UCLA researchers recently found there is an increased use of radiotherapy in patients with indolent prostate cancer regardless of tumor biology. The results underpinned the need for improved treatment assessment. The study titled “Population-Based Assessment of Determining Treatments for Prostate Cancer,” was recently published in JAMA Oncology.
Men with indolent prostate cancer frequently opt for either radical prostatectomy or radiotherapy. After treatment, these men may experience considerable adverse side effects. In the study, the researchers aimed to determine population-based predictors for treatment and use of watchful waiting or active surveillance in 37,621 men with indolent prostate cancer. Data was retrevied from the Surveillance, Epidemiology, and End Results (SEER)–Medicare from 2004 to 2007. All patients were then followed until 2009.

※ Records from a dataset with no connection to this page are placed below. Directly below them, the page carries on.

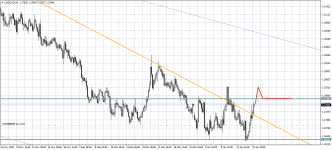 USDCADH4.png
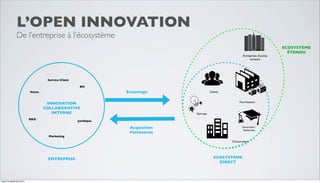 L’OPEN INNOVATION 
De l’entreprise à l’écosystème 
Entreprises d’autres 
secteurs 
R&D 
Service Client 
Marketing 
Juridique 
Vente 
RH 
INNOVATION 
COLLABORATIVE 
INTERNE 
Essaimage 
Acquisition 
Partenariat 
ECOSYSTEME 
DIRECT 
ENTREPRISE 
Clients 
Fournisseurs 
Universités / 
Recherche 
Concurrents 
Startups 
ECOSYSTEME 
ÉTENDU 
mardi 23 septembre 2014 
 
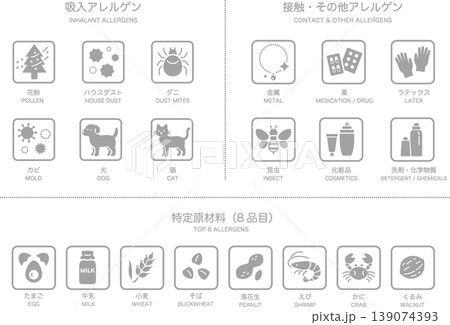 食品・吸入・接触アレルゲン_モノトーン枠 食品・吸入・接触アレルゲン_モノトーン枠 139074393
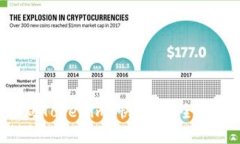 如何轻松提现到Tokenim：快速、安全、便捷的操作
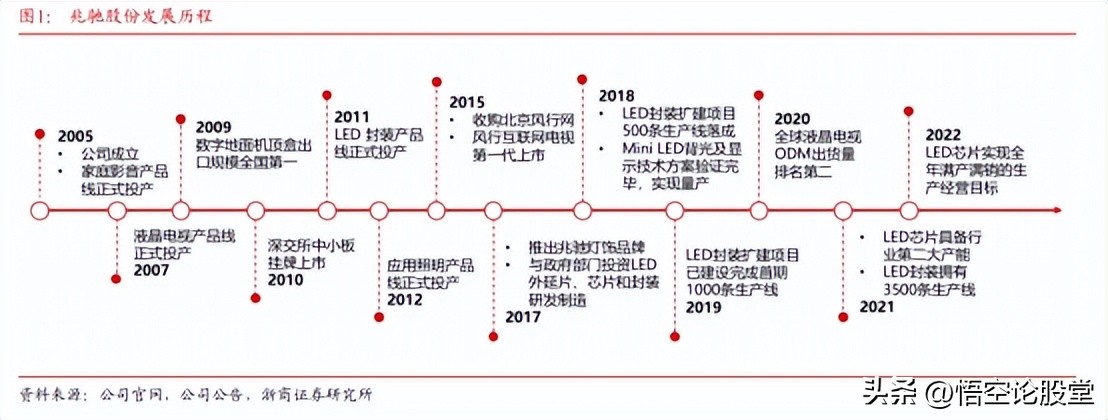 002429兆驰股份深度分析,兆驰股份深度分析最新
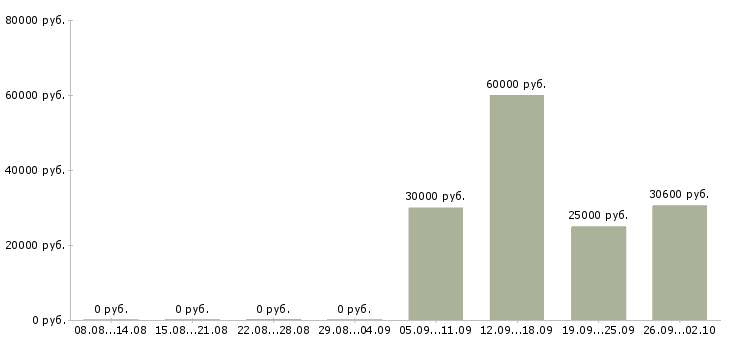 Вакансии управляющий магазинов в Краснодаре - Медиана зарплат управляющий магазинов в Краснодаре за 2 месяца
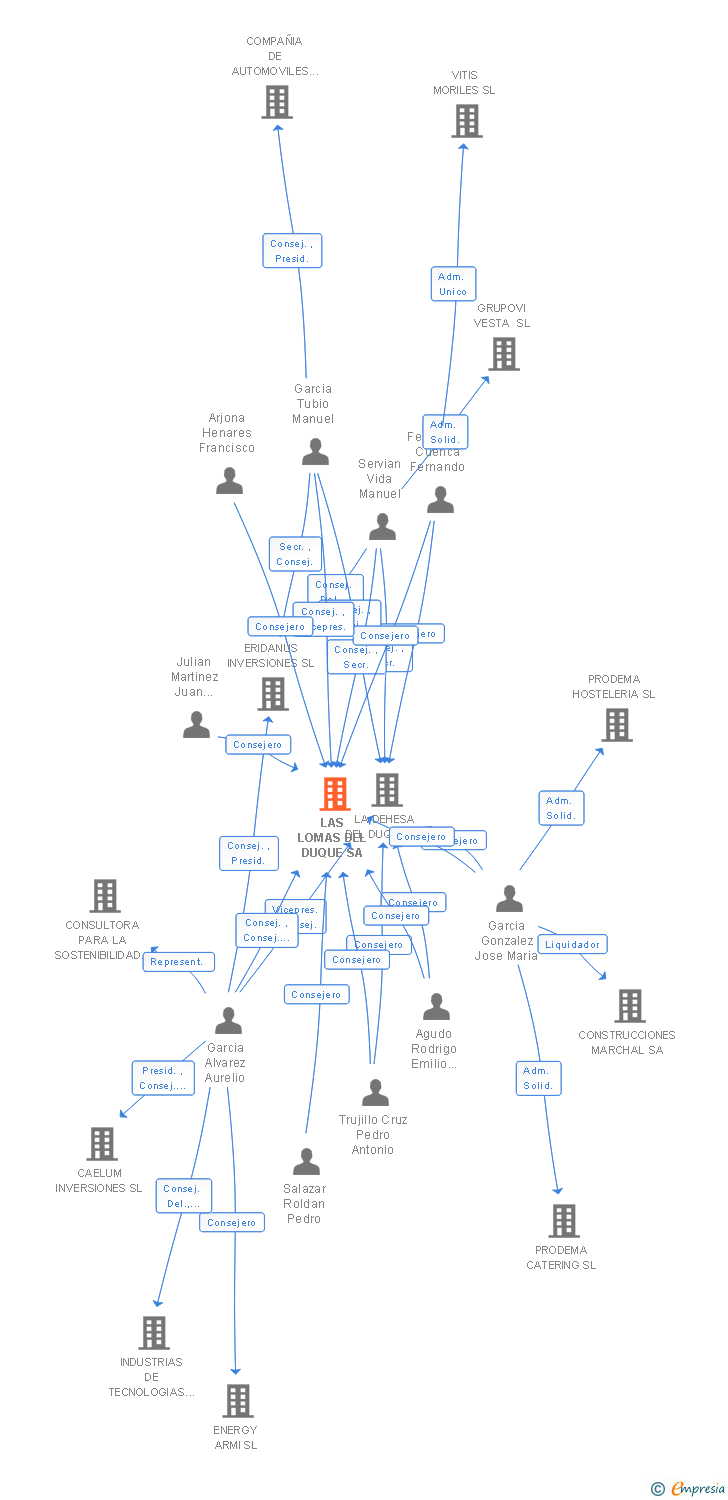 Vinculaciones societarias de LAS LOMAS DEL DUQUE SA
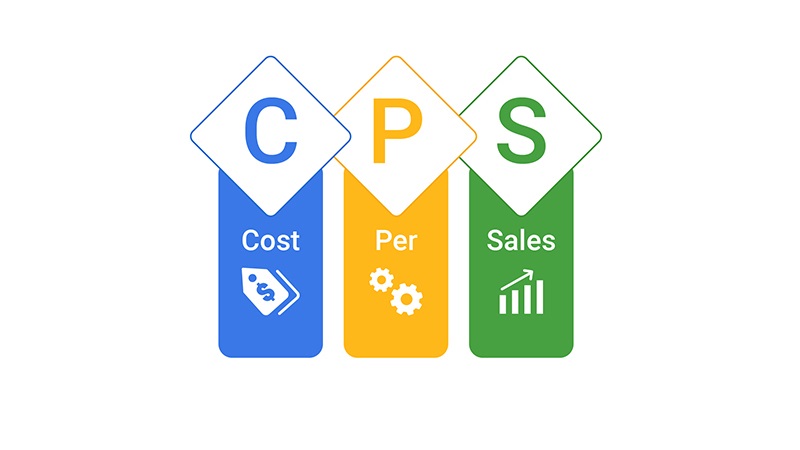 Hiểu về chi phí mỗi lần bán (CPS)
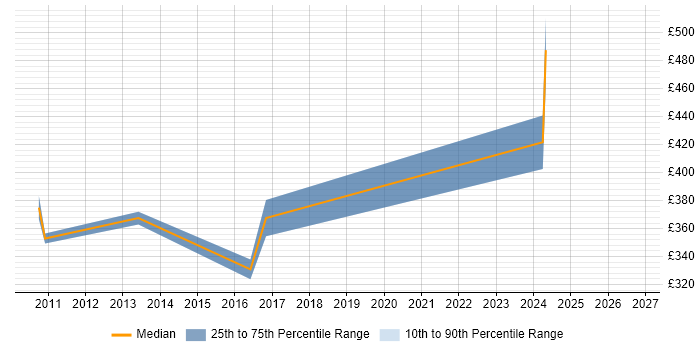 Contractor daily rate distribution trend for jobs in Aberdeen citing Knowledge Transfer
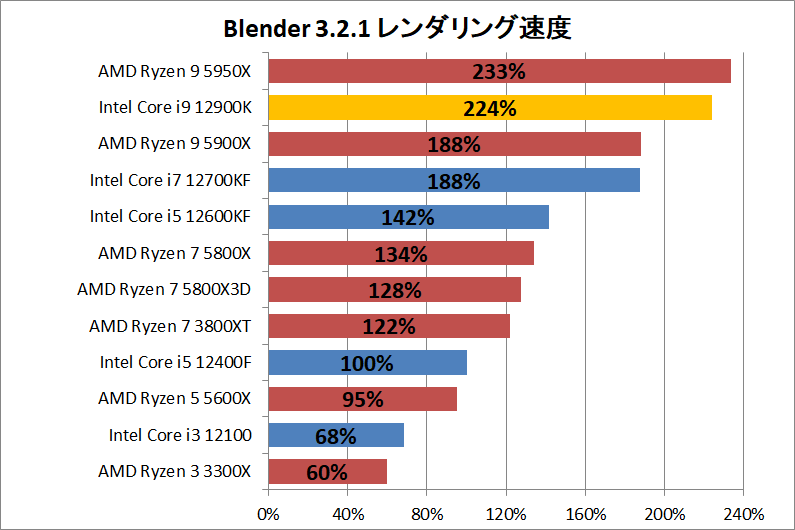 Intel Core i9 12900K_rendering_2_blender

Results showed that radiation therapy was the most common treatment (57.9%), followed by radical prostatectomy (19.1%), and other treatments including wait-and-see approach and active surveillance (9.6%). Using a logistic regression method, researchers found that patients and providers significantly integrate age and comorbidities when determining radical prostatectomy while regional variation and referral patterns influence the use of radiation therapy.
Patient demographics and tumor characteristics significantly account for 40% of patients undergoing prostatectomy, 12% choosing watchful waiting or active surveillance and only 3% undergoing radiotherapy.
“Doctors and patients view radiation as safe,” said Dr. Karim Chamie, assistant professor of urology. “There’s no anesthesia or hospitalization, the patient comes in for 15 or 20 minutes for their daily radiation treatment, it’s localized to a specific area, then they get to go home. They often don’t notice any immediate effects upfront.”
After two years of follow-up, researchers observed that men often start to suffer adverse side effects, such as urinary incontinence and leakage of urine, anal leakage and bowel dysfunction, erectile dysfunction, blood in the urine, and radiation cystitis.
“Men fighting this disease don’t always need radiation or surgery as their only choice,” said Dr. Chamie. “As we find more reports demonstrating the safety and efficacy of active surveillance, I hope patients and physicians look to this as the first treatment option for low-risk and indolent disease. Here at UCLA, I am proud to say that we have a robust active surveillance program that utilizes MRI and targeted biopsies to monitor and survey these indolent tumors.”